> _Exercise data_
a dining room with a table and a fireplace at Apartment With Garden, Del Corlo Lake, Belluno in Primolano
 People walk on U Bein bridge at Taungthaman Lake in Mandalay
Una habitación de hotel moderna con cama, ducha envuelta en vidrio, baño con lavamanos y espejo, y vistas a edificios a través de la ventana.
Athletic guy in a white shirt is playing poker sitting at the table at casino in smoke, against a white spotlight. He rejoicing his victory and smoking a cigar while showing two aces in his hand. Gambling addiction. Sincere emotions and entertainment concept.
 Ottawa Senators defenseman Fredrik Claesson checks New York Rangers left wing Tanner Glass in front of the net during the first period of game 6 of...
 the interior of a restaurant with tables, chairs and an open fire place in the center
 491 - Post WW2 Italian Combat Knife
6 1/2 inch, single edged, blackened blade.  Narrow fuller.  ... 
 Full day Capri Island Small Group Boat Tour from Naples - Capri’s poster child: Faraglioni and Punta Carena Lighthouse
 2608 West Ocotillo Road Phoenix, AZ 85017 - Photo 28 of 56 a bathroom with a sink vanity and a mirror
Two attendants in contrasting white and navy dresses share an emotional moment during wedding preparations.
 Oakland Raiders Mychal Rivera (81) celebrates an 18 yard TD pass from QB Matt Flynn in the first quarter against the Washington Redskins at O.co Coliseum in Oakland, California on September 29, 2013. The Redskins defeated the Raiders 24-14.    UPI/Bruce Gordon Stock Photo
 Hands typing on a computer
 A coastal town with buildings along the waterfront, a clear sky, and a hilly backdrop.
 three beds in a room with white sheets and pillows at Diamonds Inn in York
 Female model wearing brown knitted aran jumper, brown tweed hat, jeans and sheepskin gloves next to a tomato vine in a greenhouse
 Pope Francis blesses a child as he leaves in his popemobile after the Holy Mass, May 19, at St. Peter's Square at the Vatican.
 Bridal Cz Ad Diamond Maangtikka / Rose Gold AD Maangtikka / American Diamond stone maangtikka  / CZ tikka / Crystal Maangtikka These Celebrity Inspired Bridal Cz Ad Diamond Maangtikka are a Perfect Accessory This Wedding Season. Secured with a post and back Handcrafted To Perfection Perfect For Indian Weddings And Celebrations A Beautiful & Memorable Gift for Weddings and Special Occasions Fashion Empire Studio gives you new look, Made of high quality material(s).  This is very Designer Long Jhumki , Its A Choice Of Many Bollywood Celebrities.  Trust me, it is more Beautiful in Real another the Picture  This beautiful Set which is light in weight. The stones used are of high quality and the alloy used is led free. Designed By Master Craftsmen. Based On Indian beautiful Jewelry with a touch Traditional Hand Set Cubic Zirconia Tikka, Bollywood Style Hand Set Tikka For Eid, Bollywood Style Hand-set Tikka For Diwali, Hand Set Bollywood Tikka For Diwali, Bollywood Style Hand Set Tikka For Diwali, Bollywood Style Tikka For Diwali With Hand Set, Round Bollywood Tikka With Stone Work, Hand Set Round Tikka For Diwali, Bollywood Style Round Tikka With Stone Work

> _Exercise objective_
Please copy, without any change, the lines of the material from the first through the one containing "Two attendants in". Write nothing else.

> _Answer for the task_
a dining room with a table and a fireplace at Apartment With Garden, Del Corlo Lake, Belluno in Primolano
 People walk on U Bein bridge at Taungthaman Lake in Mandalay
Una habitación de hotel moderna con cama, ducha envuelta en vidrio, baño con lavamanos y espejo, y vistas a edificios a través de la ventana.
Athletic guy in a white shirt is playing poker sitting at the table at casino in smoke, against a white spotlight. He rejoicing his victory and smoking a cigar while showing two aces in his hand. Gambling addiction. Sincere emotions and entertainment concept.
 Ottawa Senators defenseman Fredrik Claesson checks New York Rangers left wing Tanner Glass in front of the net during the first period of game 6 of...
 the interior of a restaurant with tables, chairs and an open fire place in the center
 491 - Post WW2 Italian Combat Knife
6 1/2 inch, single edged, blackened blade.  Narrow fuller.  ... 
 Full day Capri Island Small Group Boat Tour from Naples - Capri’s poster child: Faraglioni and Punta Carena Lighthouse
 2608 West Ocotillo Road Phoenix, AZ 85017 - Photo 28 of 56 a bathroom with a sink vanity and a mirror
Two attendants in contrasting white and navy dresses share an emotional moment during wedding preparations.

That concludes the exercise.